Plus qu'une vraie histoire, le film est gros "fuck off" aux années Reagan et à son capitalisme exacerbé, ainsi qu'une revendication d'une marginalisation idélogique assumée. C'était le temps béni des Christine, The Thing ou L'antre de la Folie, pépites du cinéma alternatif. C'était avant les bouses comme Ghost of Mars, où le maître se ratatine complètement.

Film fauché,certes. Des acteurs plutôt de seconde zone, des effets un peu cheap; pas de doute, on est ici dans un cinéma de la débrouille.

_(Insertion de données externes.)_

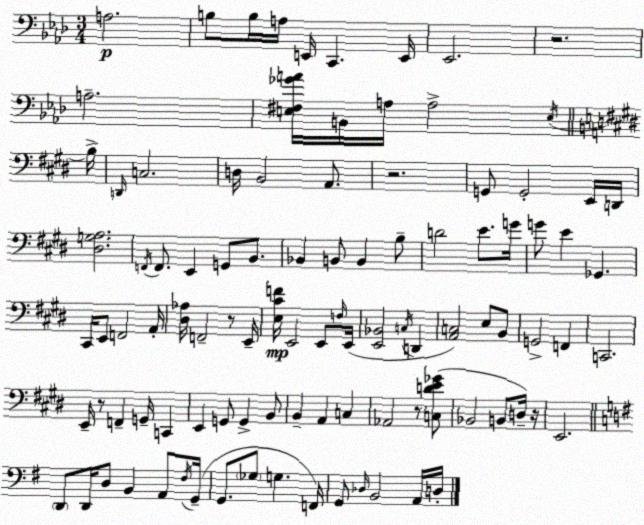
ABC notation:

X:1
T:Untitled
M:3/4
L:1/4
K:Ab
A,2 B,/2 B,/4 A,/4 E,,/4 C,, E,,/4 _E,,2 z2 A,2 [E,^F,_GA]/4 B,,/4 A,/4 A,2 E,/4 B,/4 D,,/4 C,2 D,/4 B,,2 A,,/2 z2 G,,/2 G,,2 E,,/4 D,,/4 [^D,G,A,]2 F,,/4 F,,/2 E,, G,,/2 B,,/2 _B,, B,,/2 B,, B,/2 D2 E/2 G/4 G/2 E _G,, ^C,,/4 E,,/2 F,,2 A,,/4 [^D,_A,]/4 F,,2 z/2 E,,/4 [E,^CF]/4 E,,2 E,,/2 F,/4 E,,/4 [E,,_B,,]2 C,/4 D,, [A,,C,]2 E,/2 B,,/2 G,,2 F,, C,,2 E,,/4 z/2 F,, G,,/4 C,, E,, G,,/2 G,, B,,/2 B,, A,, C, _A,,2 z/2 [C,DE_G]/2 _B,,2 B,,/2 D,/4 z/4 E,,2 D,,/2 D,,/4 D,/2 B,, A,,/2 ^F,/4 G,,/4 G,,/2 _G,/2 G, F,,/4 G,,/2 _D,/4 B,,2 A,,/4 D,/4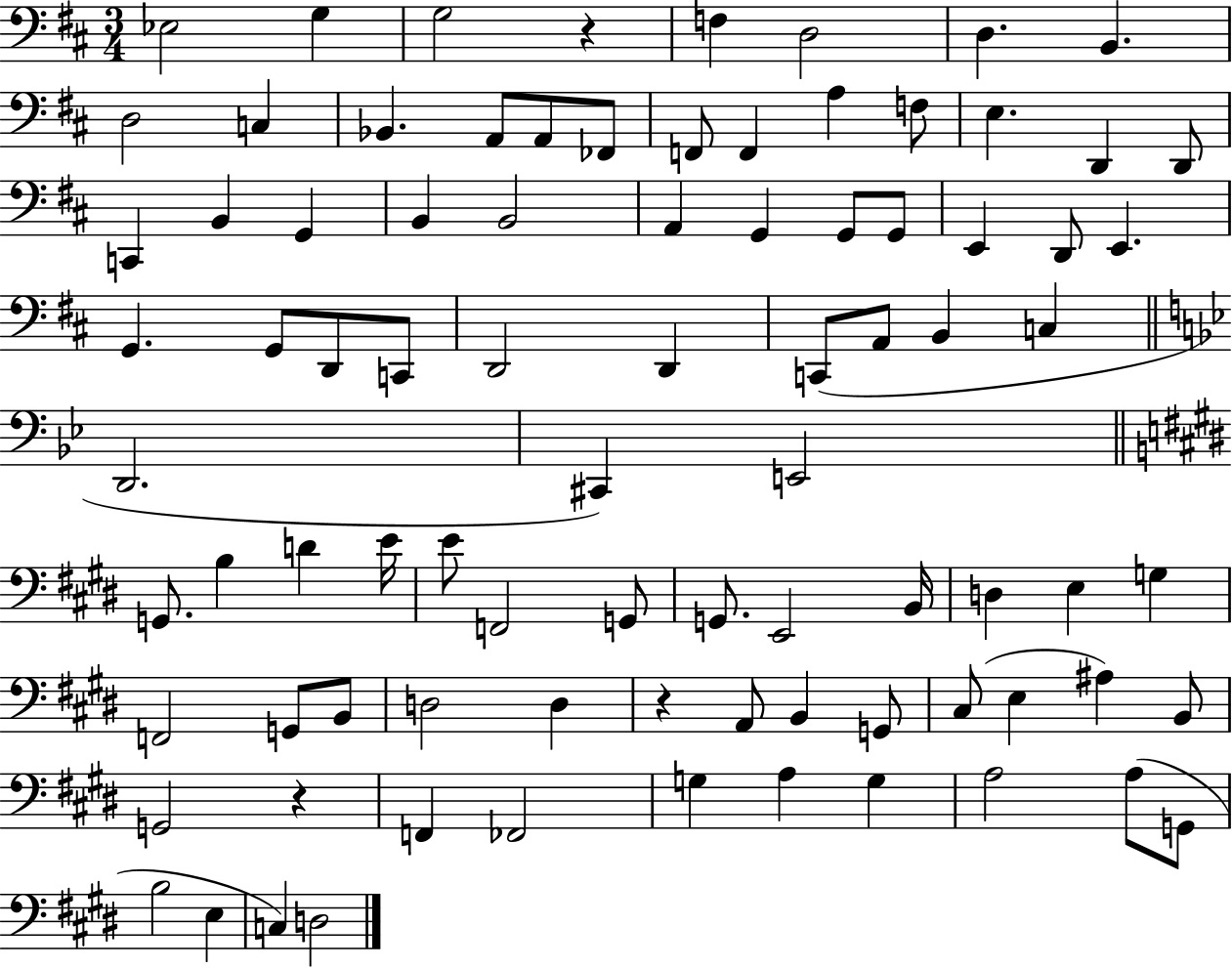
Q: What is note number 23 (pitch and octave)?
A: G2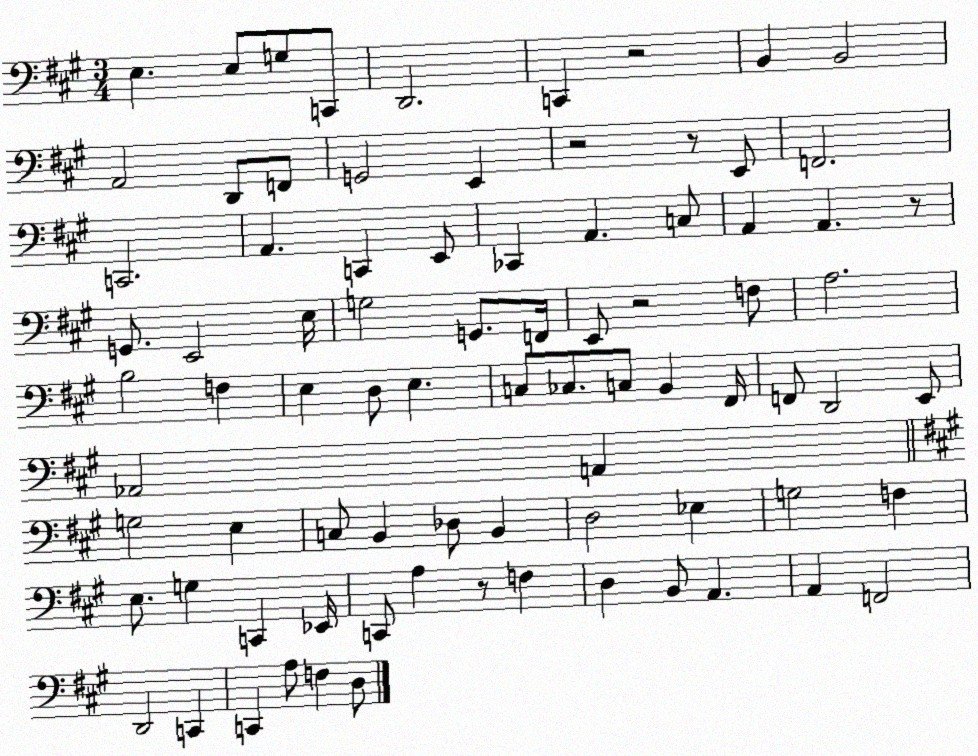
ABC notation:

X:1
T:Untitled
M:3/4
L:1/4
K:A
E, E,/2 G,/2 C,,/2 D,,2 C,, z2 B,, B,,2 A,,2 D,,/2 F,,/2 G,,2 E,, z2 z/2 E,,/2 F,,2 C,,2 A,, C,, E,,/2 _C,, A,, C,/2 A,, A,, z/2 G,,/2 E,,2 E,/4 G,2 G,,/2 F,,/4 E,,/2 z2 F,/2 A,2 B,2 F, E, D,/2 E, C,/2 _C,/2 C,/2 B,, ^F,,/4 F,,/2 D,,2 E,,/2 _A,,2 A,, G,2 E, C,/2 B,, _D,/2 B,, D,2 _E, G,2 F, E,/2 G, C,, _E,,/4 C,,/2 A, z/2 F, D, B,,/2 A,, A,, F,,2 D,,2 C,, C,, A,/2 F, D,/2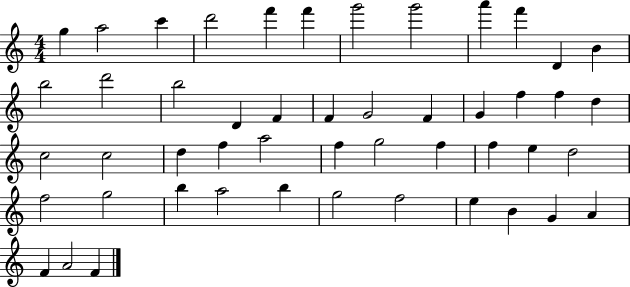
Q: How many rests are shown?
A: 0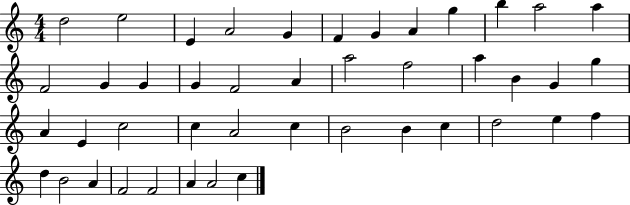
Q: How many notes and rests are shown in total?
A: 44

Cela dit, les points positifs sont nombreux. Une photographie froide et très piquée donne le ton d'une ville inhumaine et une ambiance poisseuse, très proche d'un New York 1997 dans l'esprit. La musique, signée de la main du maître réveille un malaise latent, souligné par des nappes de synthés cliniques.Engager Roddy Piper, ex-catcheur se révèle un choix plutôt payant; l'Ecossais promène sa musculature et sa bonhommie désabusée tout au long du film et fait mouche avec son côté "ouvrier lambda". Truffé de longueurs inutiles, parfois surjoué (cette scène de bagarre tout à fait hallucinante dans les containers) mais viscéralement honnête et foncièrement jouissif, They live est à redécouvrir au cours d'une soirée cinéma bis et conserve tout son intérêt pour tout amateur de vrai cinéma burné qui se respecte.